Prof. Dr. Arno Villringer is a renowned neurology scientist specialized in stroke research and interested in the plasticity of brain signal interrelations. When confronted with the performance of likewise renowned dancers Siobhan Davies and Helka Kaski, who specialize in the area of experimental, expressive performance and choreography, his initial reaction was on the lines of “How did you do it…? How do these movements arise in you?”. Surely an understandable reaction, signaling interest in that which cannot readily be explained. What had happened?
In their performance ”Figuring“ Siobhan Davies and Helka Kaski set out to make visible the intricate correspondence of gestrues spontaneously synchronizing. “We try to investigate, when a thought and a movement well up”, extracting these moments of uncertainty, when any new gesture might be possible.
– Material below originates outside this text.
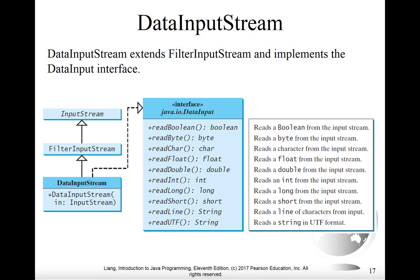Here's the UML diagram for DataInputStream. You'll notice the inheritance part off to the left-hand side: DataInputStream inherits from FilterInputStream, which inherits from InputStream, and DataInputStream implements the DataInput interface. This interface is for input, so all of the methods start with the word 'read.' All the different primitive types are represented — we can read a boolean, a byte, a char, a float, a double, an int, a long, a short, a readLine for a string, and finally readUTF. We'll look at UTF in more detail in slides to come.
Sitting atop a small stage on two simple chairs, both artists initiate a kind of disconnected interaction, that involves only nonverbal gesture, while never establishing eye-contact with the other. The gestures display smooth, discrete and quite cautious movements on and around chairs, that last for a few seconds and are then severed by a pause. A rhythm is thereby established and coordinated only by listening for each other’s movement. By slowing down gestures, one could interpret this display as a kind of laboratory situation, in which the interrelation of bodily movement close to each other is investigated, by artificially severing the continuous movements. Each moment can now be questioned, the establishment of synchronicity observed in small steps. And in fact, ever so often, and ever so slightly, some trembling movements of the dancers seem to align rather spontaneously. The performance includes no arc, no narrative, no energy is lost or generated – it is the performance of a meticulous investigation of small entities of movement.
But again: “How did you do it…? How do these movements arise in you?” Imitation would be an area that the neurologist Arno Villringer would be very much able to locate within the neurologic complex of brain activity. “So do you feel like imitating?” – “No”. Art and Science struggle for an initial point of reference – so the partners in dialogue settle on treating the performance itself as the first attempt at communication. What was it that was communicated? By slowing down the gesture of dance, the performers knowledge and ideas of body-coordination are made visible and questions of the entanglement of thought and body become feasible.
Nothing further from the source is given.